# Chpater 8 - Dimensionality Reduction
Curse of Dimensionality: The large number of features not only makes training extremely slow, it can also make it much harder to find a good solution. <br>
Dimensionality redction not only speeds up training, but also is extremely useful for data visualization.

## The Curse of Dimensionality
High-dimensional datasets are at risk of being very sparse: most training instances are likely to be far away from each other. => a new instance will likely be far away from any training instacnes, making predictions much less reliable than in lower dimensions. => **the more dimensions the training set has, the greater the risk of overfitting it.**

## Main Approaches for Dimensionality Reduction

### Projection
In most real-world problems, many features are almost constance, while others are highly correlated. <br>
All training instances actually lie within a much lower-dimensional subspace of the high-dimensional space. <br>

### Manifold Learning
A *d*-dimensional manifold is a part of an *n*-dimensional (where *d*<*n*) that locally resembles a *d*-dimensional hyperplane.

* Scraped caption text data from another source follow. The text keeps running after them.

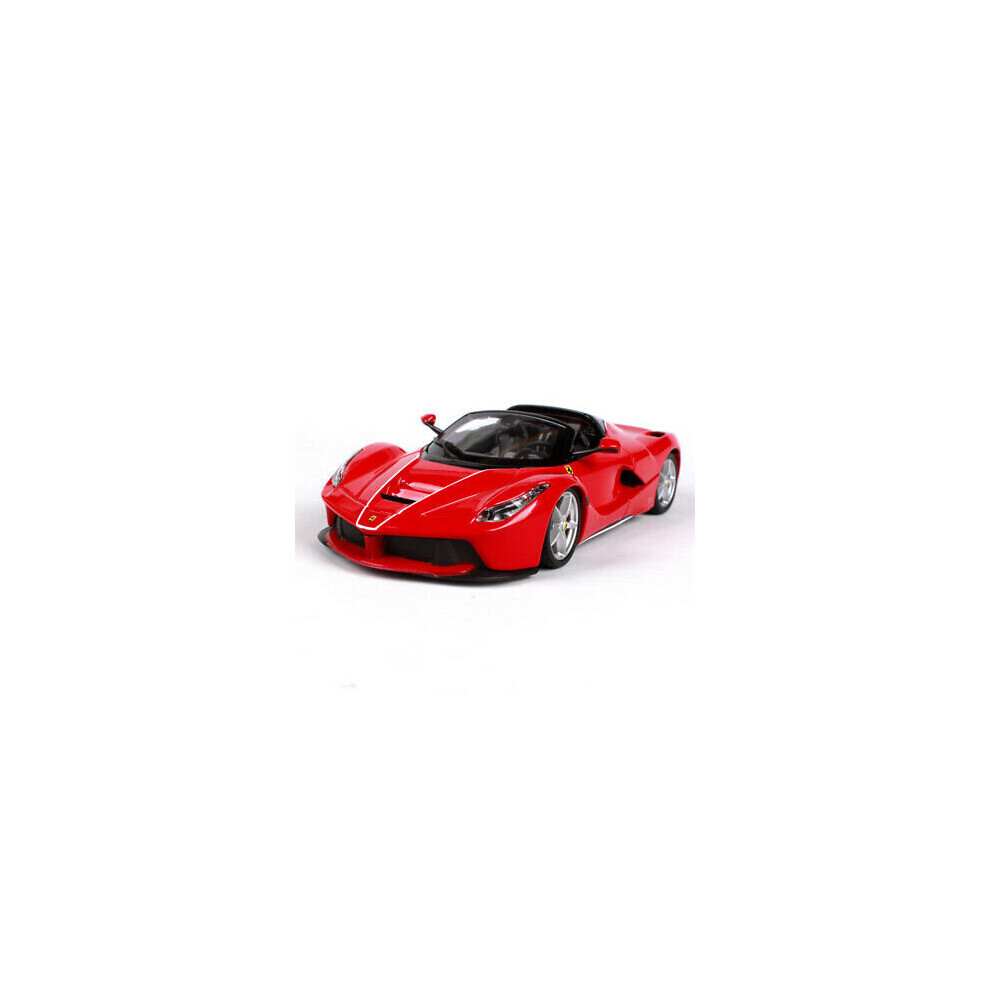 Maxpower () Bburago 1:24 Ferrari 70Th Laferrari Aperta Diecast Model Sports Racing Car Red/Black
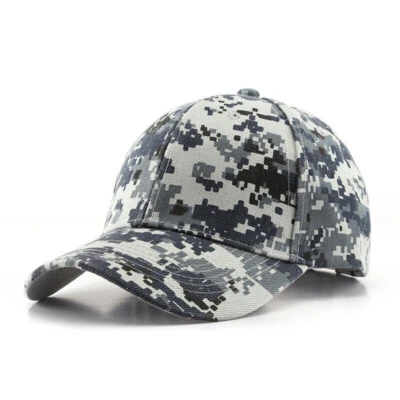 Adjustable Unisex Camouflage Baseball Cap Sun Outdoor Hat Sport Casual Headgear.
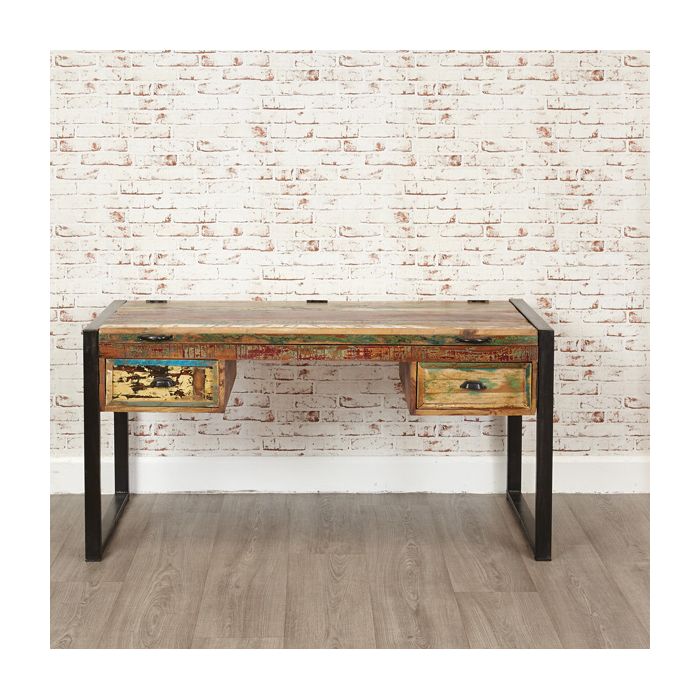 Laura Urban Edge Laptop Desk with Lift Up Storage - Natural Wood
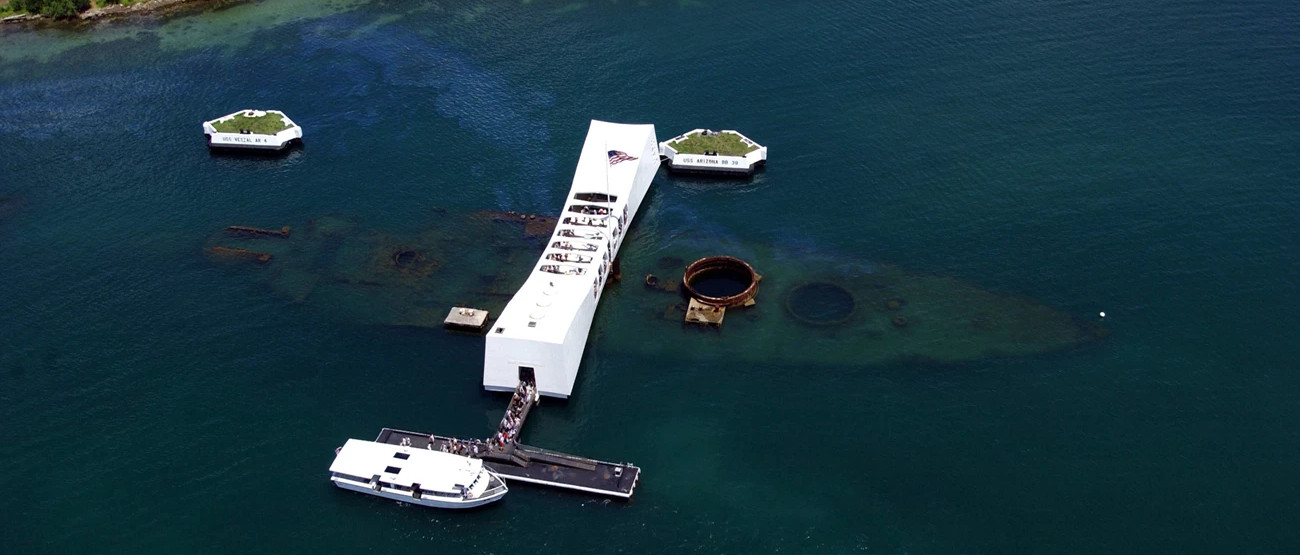 USS Arizona Memorial at Pearl Harbor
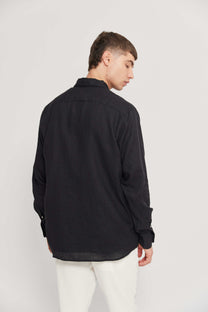 Dark Slate Gray חולצת פשתן ארוכה לגברים SCOTCH & SODA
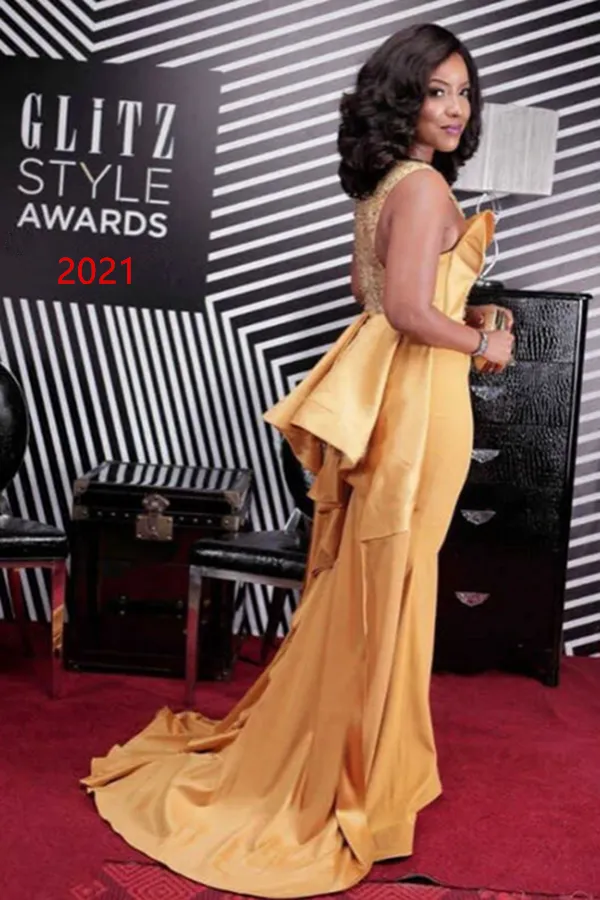 Promfast Elegant Yellow Beaded Mermaid Evening Dresses, African Attire Dresses PFP1986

Many dimensionality reduction algorithms work by modeling the manifold on which the training instances lie; this is called Manifold Learning. It relies on the manifold assumption, also called the manifold hypothesis, which holds that most real-world high-dimensional datasets lie close to a much lower-dimensional manifold.

The manifold assumption is often accompanied by another implicit assumption: that the task at hand (e.g., classification or regression) will be simpler if expressed in the lower-dimensional space of the manifold.

## PCA
Principal Component Analysis (PCA) is by far the most popular dimensionality reduction algorithm. First it identifies the hyperplace that lies closest to the data, and then it projects the data onto it.

### Preserving the Variance
Select a lower-dimensional hyperplane that preserves the maximum amount of variance, as it will most likely lose less information than the other projections. <br>
Another way to justify this choice is that it is the axis that minimizes the mean squared distance between the original dataset and its projection one that hyperplane.

### Principal Components
PCA needs axes as many as the number of dimensions in the dataset. <br>
The unit vector that defines the $i^{th}$ axis is called the $i^{th}$ principal component (PC).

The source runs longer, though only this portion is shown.